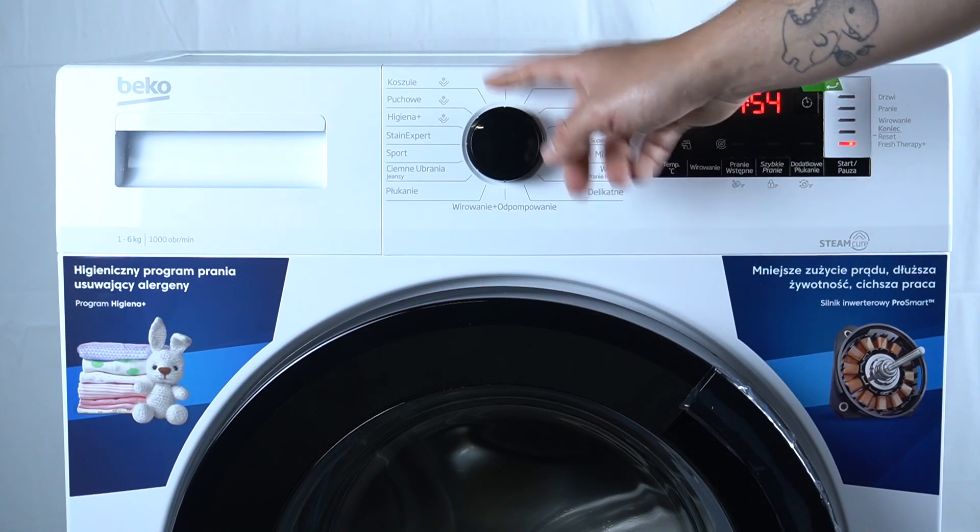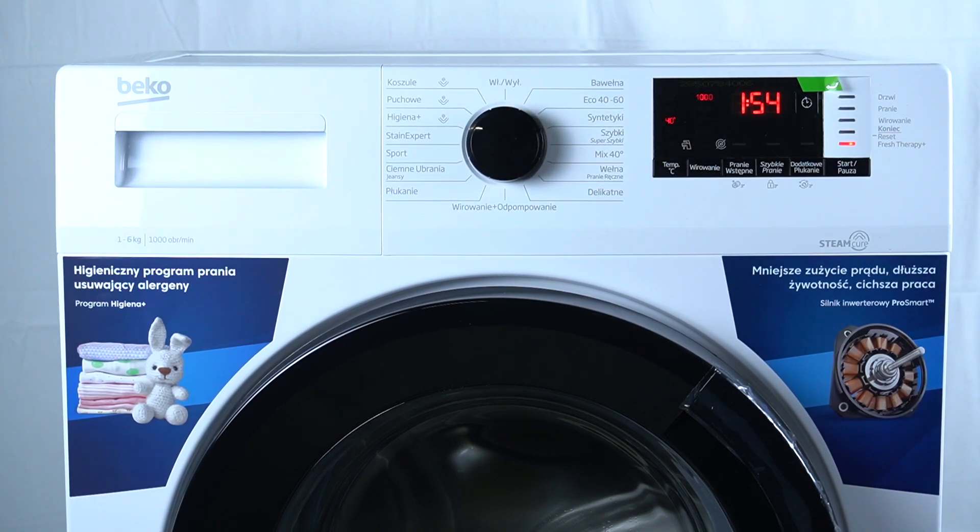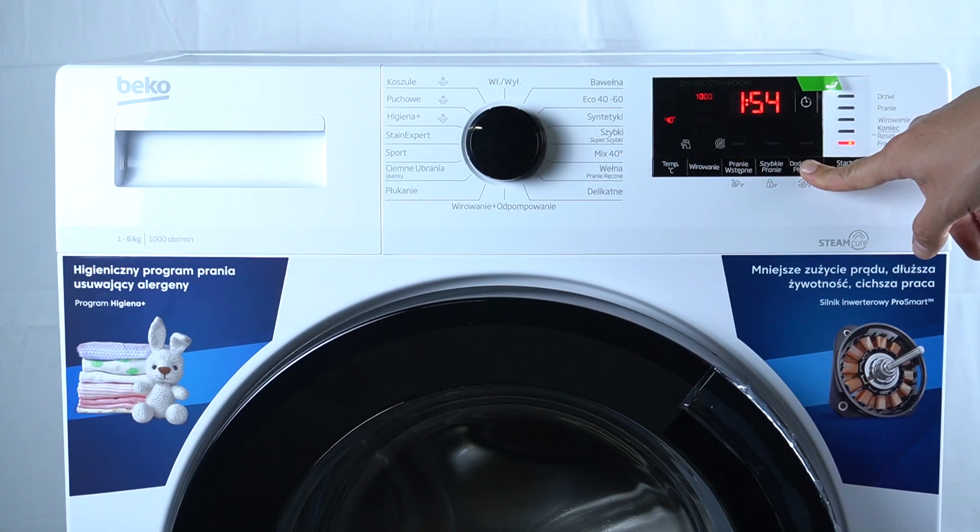In the first step, turn on your device and select your cycle. After that, if you want to turn on the Fresh Therapy Plus, hold this button for 3 seconds.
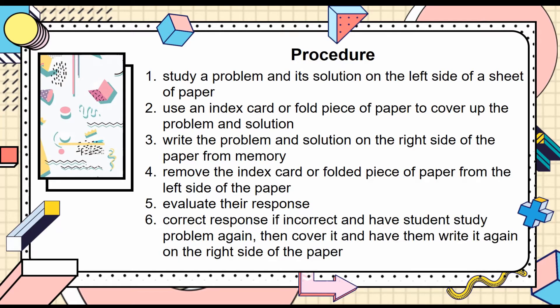This can also be modified so that the student writes the problem twice from memory, and if they get it wrong, they write it twice again. It is really up to whoever is giving this intervention — they can modify it in any way. You will have them repeat this process for each problem, and it should only take about 3 to 10 minutes. The teacher creates the Cover, Copy, and Compare worksheet, and it typically has about 10 problems on it.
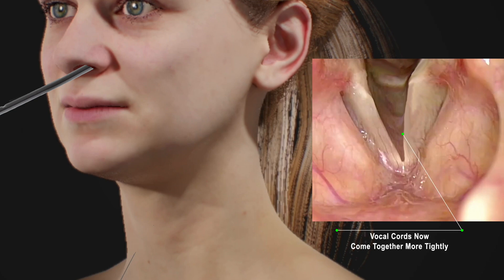Filler materials used for this purpose include fat, collagen, and hydroxyapatite. After injection, the needle and endoscope are removed.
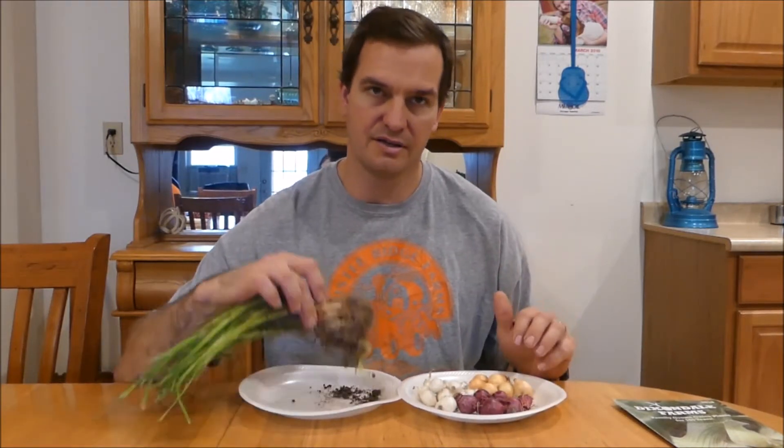This is a common thing that people question, and I wanted to take a moment to discuss the difference between onion plants and onion sets, because there are some significant differences in growing onions and what these are used for. There are primarily two common ways of growing onions for eating, and they have some important differences that I'm going to explain as we go along.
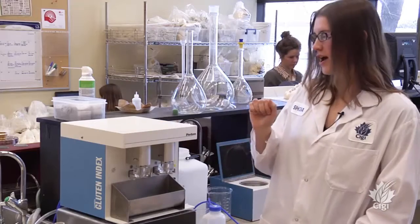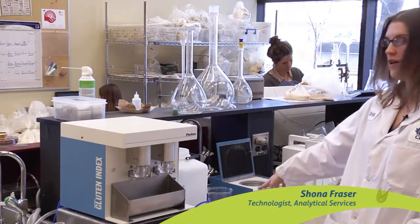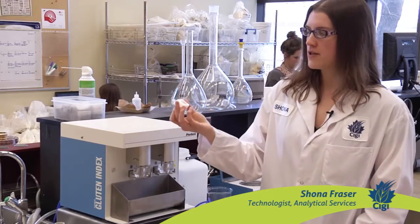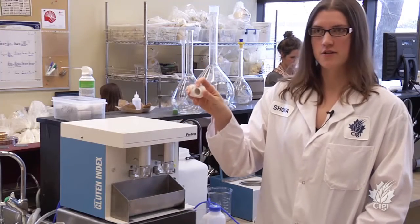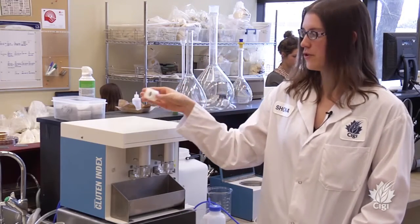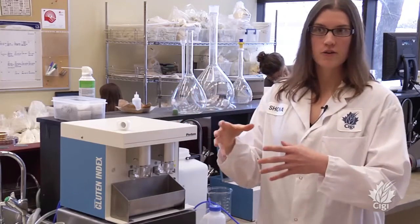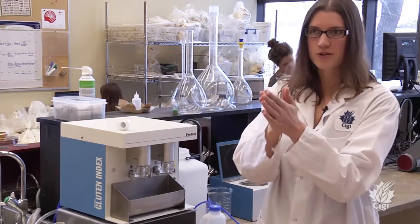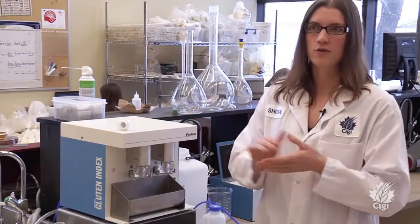This is the glutamatic. When we do the gluten index, we're also using the centrifuge over here. We're weighing the amount of gluten that passes through on the back side versus the amount that stays on the initial side after it's been centrifuged. The more that passes through, the weaker that gluten tends to be — more stretchy. Whereas a very strong gluten would stay on the initial side of that cartridge, giving us an idea of the quality of the gluten.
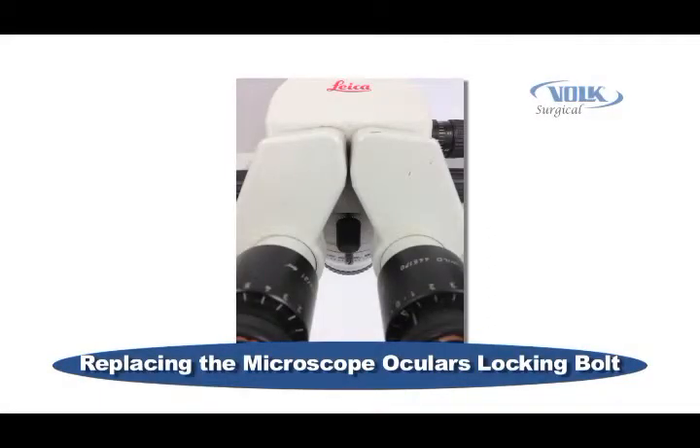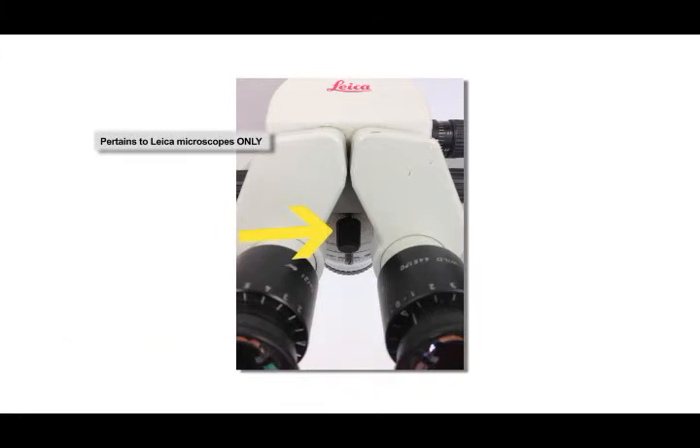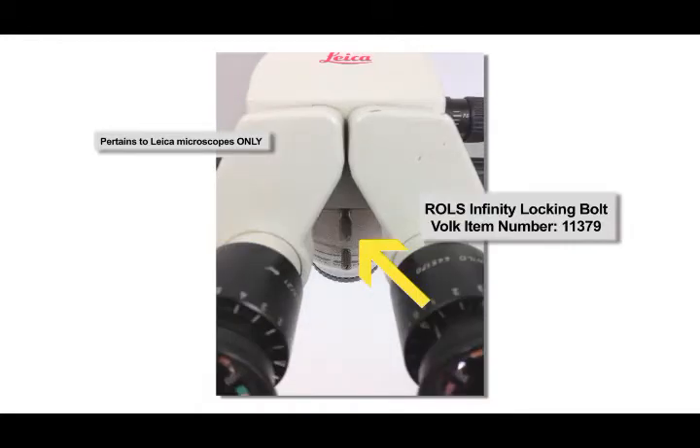When installing a Rolls Infinity, there may be some cases where the locking bolt on the scope is too large and will contact the Rolls Infinity housing. This may prevent the Rolls Infinity from being seated correctly on the scope. In such cases, replace the original microscope locking bolt with a locking bolt that came with your Rolls Infinity. This should correct this issue.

________________

| Problem description |
Only the lines from the one containing "This is the" through the last line of the records above should be repeated, exactly and without pictures.

| Your solution |
This is the glutamatic. When we do the gluten index, we're also using the centrifuge over here. We're weighing the amount of gluten that passes through on the back side versus the amount that stays on the initial side after it's been centrifuged. The more that passes through, the weaker that gluten tends to be — more stretchy. Whereas a very strong gluten would stay on the initial side of that cartridge, giving us an idea of the quality of the gluten.
When installing a Rolls Infinity, there may be some cases where the locking bolt on the scope is too large and will contact the Rolls Infinity housing. This may prevent the Rolls Infinity from being seated correctly on the scope. In such cases, replace the original microscope locking bolt with a locking bolt that came with your Rolls Infinity. This should correct this issue.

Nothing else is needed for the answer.